(Activity)
Copying exactly, give the lines in the material below from the one with "Человечек Для Девочки" to the one with "modèle 3D Chaise", ends included, and nothing besides.

(Provided records)
"""

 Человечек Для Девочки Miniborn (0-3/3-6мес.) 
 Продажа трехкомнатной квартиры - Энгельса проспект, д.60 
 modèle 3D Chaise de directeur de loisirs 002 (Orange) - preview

"""
"""

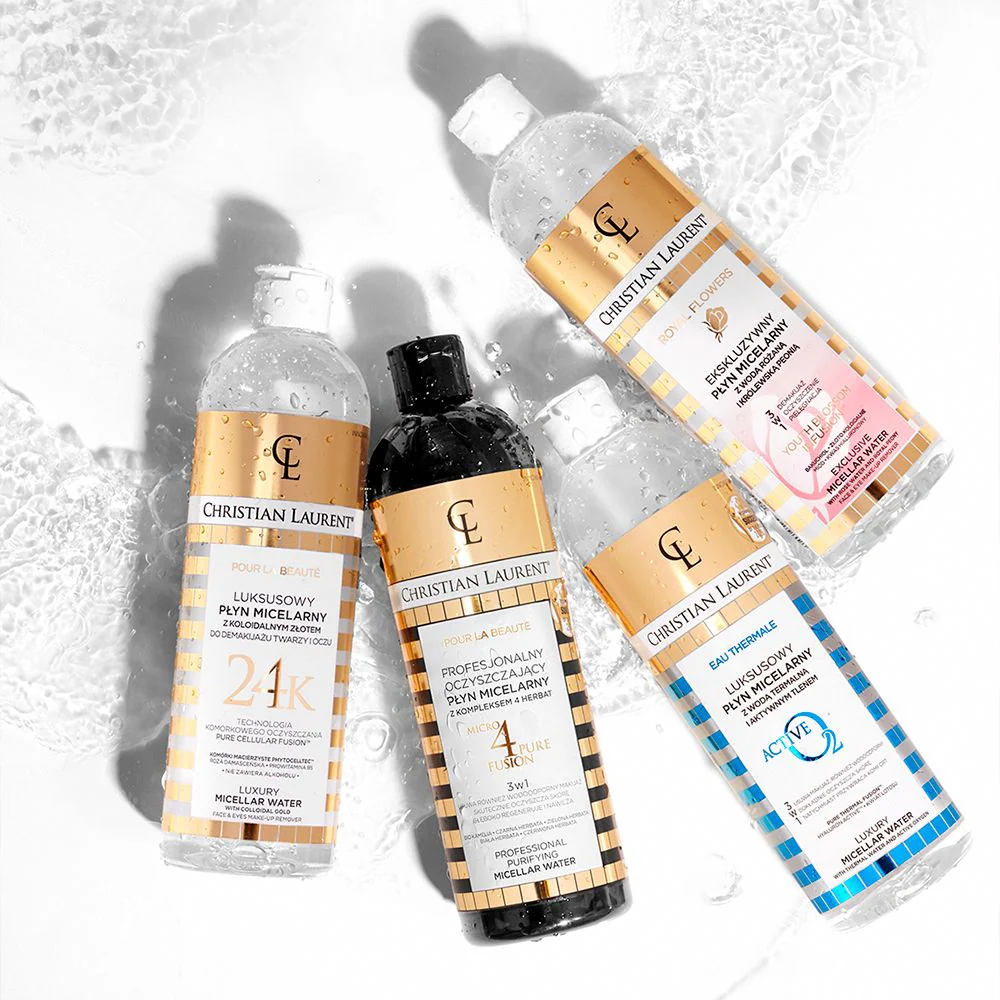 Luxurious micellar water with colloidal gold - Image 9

"""

(Result of the exercise)
 Человечек Для Девочки Miniborn (0-3/3-6мес.) 
 Продажа трехкомнатной квартиры - Энгельса проспект, д.60 
 modèle 3D Chaise de directeur de loisirs 002 (Orange) - preview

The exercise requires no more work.